NYC BALLET GALA 2016
September 23, 2016
Even before all the juicy red tomatoes have fallen off their stems, autumn’s dance season arrives. On a warm, humid evening, NYC Ballet's Gala inaugurated it’s pre-Nutcracker season by celebrating young choreographers. In a departure from previous years, two of the four choreographers were women. All in all, the evening was an uplifting view of a ballet company that has done more than any other in its league to promote a new generation of ballet choreographers.
Engaging film clips introduce each piece by offering a glimpse into the collaborative process between selected fashion designer, choreographer and the indefatigable Mark Happel, NYC Ballet's costume master.
One of the company’s fast rising ballerinas, Lauren Lovette struck first. “For Clara“ set to Robert Schumann features seventeen dancers in light, fluid costumes by Narciso Rodriguez. Choreographically pleasing, Lovette finds novel patterns for the corps. Bodies float up and down when men lift their partners in contrast to the lead couple. Repeated in various ways, it forms a compelling stage architecture that speaks to a lively mind.

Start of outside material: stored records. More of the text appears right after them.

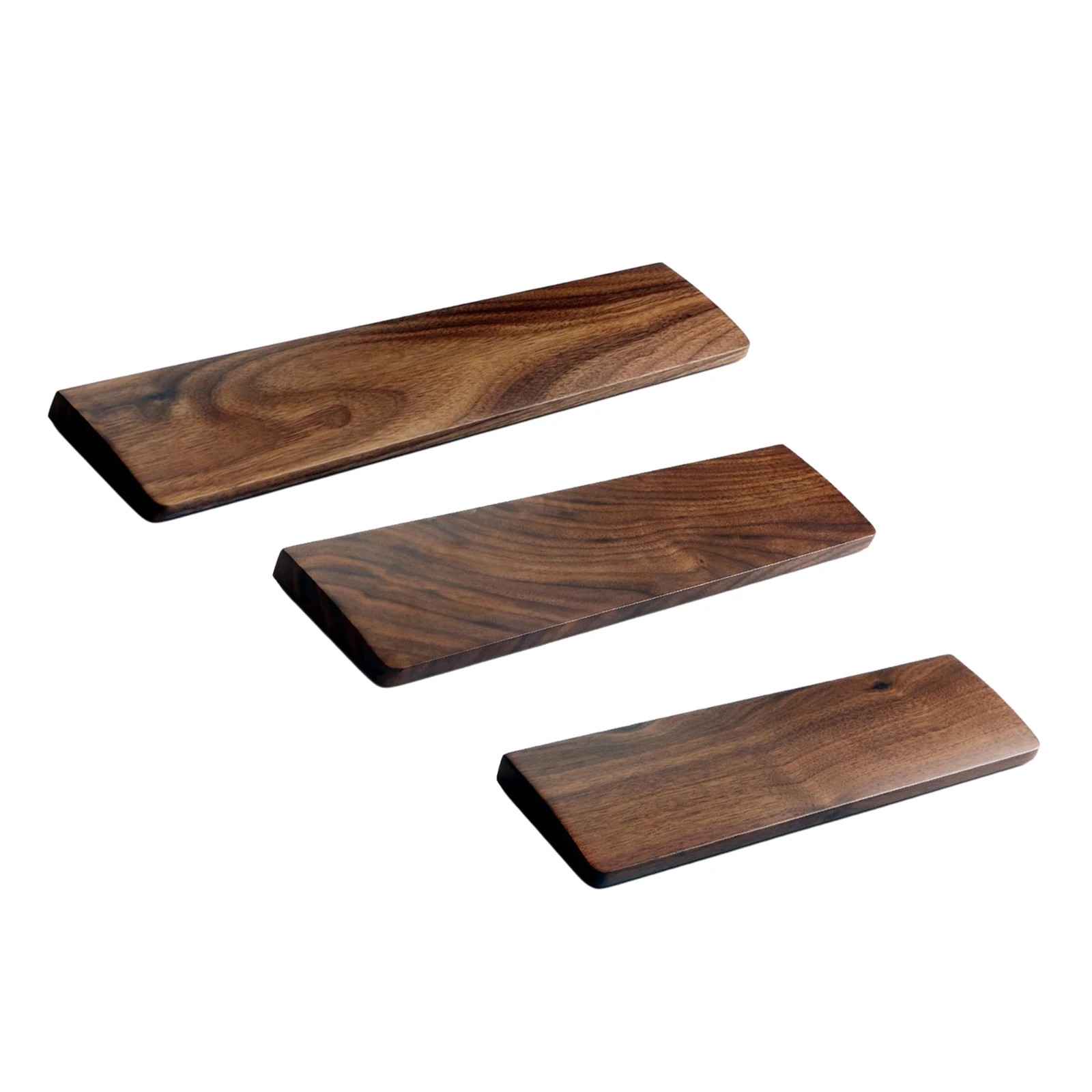 Wood Keyboard Wrist Rest, Wrist Rest Support, Hand Pad Holder for Office and Gaming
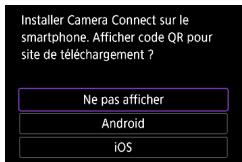CANON G7X MII - Sauvegarde des images de l'appareil photo sur un smartphone - 5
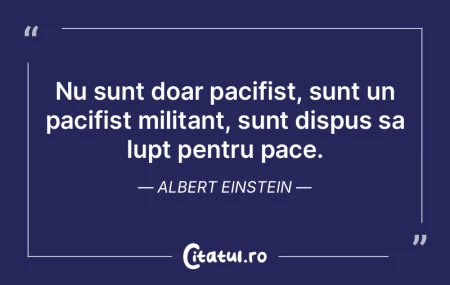 Singura alternativa la coexistenta este ...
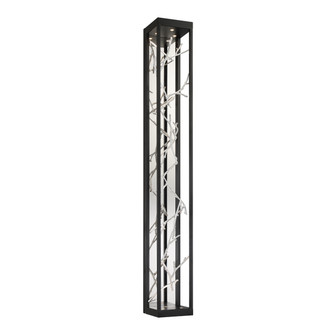Aerie LED Wall Sconce in Silver-Black (40|38638-022)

Now a choreographer of note, NYC Ballet member Justin Peck scaled down his ballet “The Dreamers” to match two excellent principals, Sara Mearns and Amar Ramasar in dowdy costumes by Dries Van Noten. Clearly a capable craftsman of regenerative talent, Peck’s sweeping arcs wrap the couples together, forming a rousing sense of familiarity and excitement to a score by Czechoslovakian composer Bohuslav Martinu.
In the introductory film clip, NYC Ballet corps member, Peter Walker expresses a strong personality that emerges in his choreography. The black outfits lined in white stripes by Jason Wu, suit the contemporary ballet executed in toe shoes and soft slippers. Legs spread wide-apart stretch into pointed then flexed feet punctuated by pop-up jumps peppered by women spinning and dipping in soft slippers. Rather than looking like a self-conscious merging of forms “then in seven” was a smooth, confident investigation of modern and ballet’s commonality set to a spunky, modern jazz score performed on stage by Thomas Kikta, Arkadiy Figlin, Raymond Mase and James Spaorito.
In comparison to the first four, rather brief but satisfying pieces, Annabelle Lopez Ochoa’s contribution nearly filled the second half. Her choice brought her in contact with the animated Rosie Assoulin. The attractive, supple black and white outfits designed either as vests or jackets with a swing skirt add to the dancers’ appeal. Working mainly in duets surrounded by corps, the hearty ballet allows the dancers to shine in breathable choreography that was expansive, yet local.